In the bitcoin source code in txmempool.h, a comment says that unconfirmed transactions are indexed by five criteria:

 * mapTx is a boost::multi_index that sorts the mempool on 5 criteria:
 * - transaction hash (txid)
 * - witness-transaction hash (wtxid)
 * - descendant feerate [we use max(feerate of tx, feerate of tx with all descendants)]
 * - time in mempool
 * - ancestor feerate [we use min(feerate of tx, feerate of tx with all unconfirmed ancestors)]

I can understand why would we need to index transactions by the time they are in the mempool. But I can't understand the need for sorting them based on txid and wtxid (while they are hash output, so they are like random numbers, why bother to index them?). And I also don't understand the meaning of descendant feerate and ancestor feerate. The simple concept I can deduce is that miners are willing to put transactions with higher fee rates in their block, so sorting based simply on fee rate makes sense to me, but why is sorting based on parents and children of a transaction?

2 Answers 2


The mempool is the short-term memory of a full node. We use its content e.g. to:

  • exchange information with peers
  • build block templates
  • estimate feerates
  • track pending payments to our wallet

The index allows us to look up the full transaction objects based on each of the keys of the index.

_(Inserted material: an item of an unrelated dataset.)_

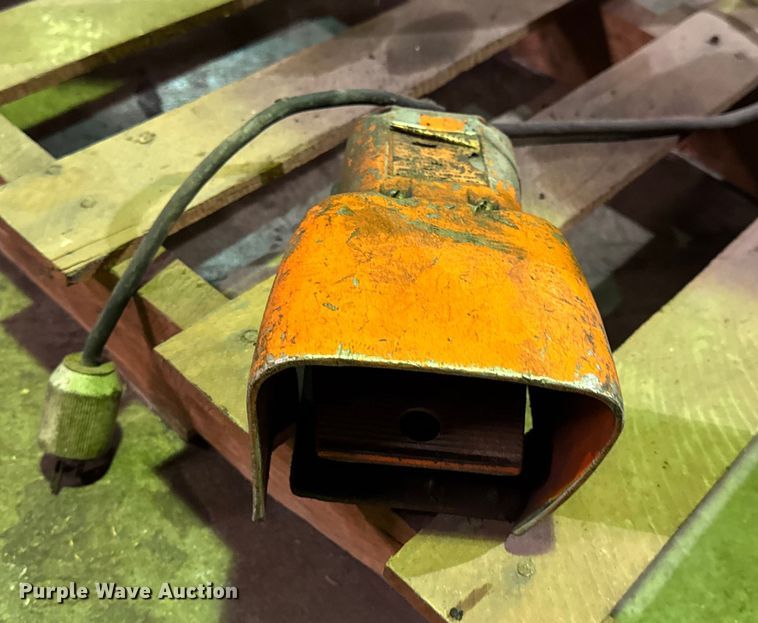 image for item EN0605 Victaulic VE-416-FSD roll groover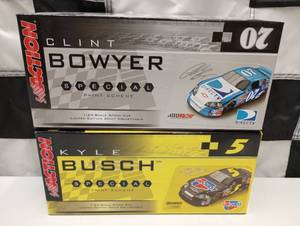 lot 566 image: Action 2006 124 Scale Special Paint Scheme Clit Bowyer & Kyle Busch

For example, the txid and wtxid appear in the context of transaction relay as shorthand identifiers for the full transaction objects. We tell a peer that we have a list of new txs using just the txids and they respond by asking for a subset of those by listing the respective txid/wtxids. We use this key to look up the object and serve their request. We also use the txid to reassemble blocks after getting a new block per "compact block relay". Similarly, when a new transaction spends an unconfirmed input, we can look up the parent transaction per the txid referenced in the input of that new transaction. Generally, we use txid any time we reference individual transactions.

time in mempool

When we build new transactions, we need to estimate the feerate that'll get us a confirmation in the intended time frame. We base our estimate on tracking how long transactions were in our mempool before they got included in a block. While unconfirmed transactions remain valid indefinitely (or until an input gets spent in another transaction), we want to allow users to easily supersede unsuccessful attempts at transacting. Full nodes drop transactions after they have stuck around their mempool for 14 days. Additionally, it is policy to only keep the first of a set of conflicting transactions unless the first transaction signaled replaceability and the subsequent transactions fulfill the requirements to replace the predecessor. Either way, we want to look up transactions per the time they've been in the mempool sometimes, and if we wouldn't have an index for that, we'd have to sort the whole mempool each time to do so.

ancestor feerate

An ancestor set is composed from a transaction and all of its ancestors. Ancestors are transactions that an observed transaction topologically depends upon: a transaction cannot be included in a block until all of its parents have been included. If tx_C spends an output of tx_B and tx_B spends an output of tx_A, tx_A and tx_B are ancestors of tx_C, and the ancestor set of tx_C is {tx_A, tx_B, tx_C}. The ancestor feerate of a transaction refers to Σ(fees)/Σ(vsize) of its ancestor set.
When we build block templates, we sort all transactions by their ancestor feerates and pick the ancestor set with the highest ancestor feerate to the block template. After picking an ancestor set, each related transaction's ancestor set is updated, and we pick the new highest. Repeat until the block is full or there is nothing left to pick.
This approach ensures that the transactions appear in the topological order in the block, correctly prioritizes child-pays-for-parent situations, and greedily maximizes the collected transaction fees in the block template. If we only looked at the feerate of the transaction, we might miss that a transaction is dependent on a heavy low-fee transaction, or that a transaction has been bumped by a high feerate child.

descendant feerate

The descendant feerate is the counterpart to the ancestor feerate. It's the Σ(fees)/Σ(size) of the given transaction and all its descendants. E.g. tx_A has two child transactions tx_B and tx_C. If tx_B has a lower feerate than tx_A, but tx_C has a higher feerate than tx_A, then tx_C has the highest descendant feerate, tx_B has the lowest descendant feerate, and tx_A has one between the two. The mempool size is limited. Sometimes, when there is a lot of blockspace demand, more transactions are submitted to the network than can fit in your node's mempool. At that point, the mempool will drop the transactions that are least likely to be included in a block. While the ancestor feerate tells us what is most valuable to include, the descendant feerate tells us which transactions are signaling the lowest priority. We drop the transactions with the lowest descendant feerate first. If we only looked at the transaction's feerate itself, we might miss that a low feerate transaction is the parent in a CPFP situation. In the case of the above example, we would first drop tx_B because it has the lowest feerate, and then drop tx_A (whose descendant feerate is higher than its own feerate at that point, but lower than tx_C's). Evicting tx_A also evicts tx_C because it cannot be included in a block with its parent creating the output it spends.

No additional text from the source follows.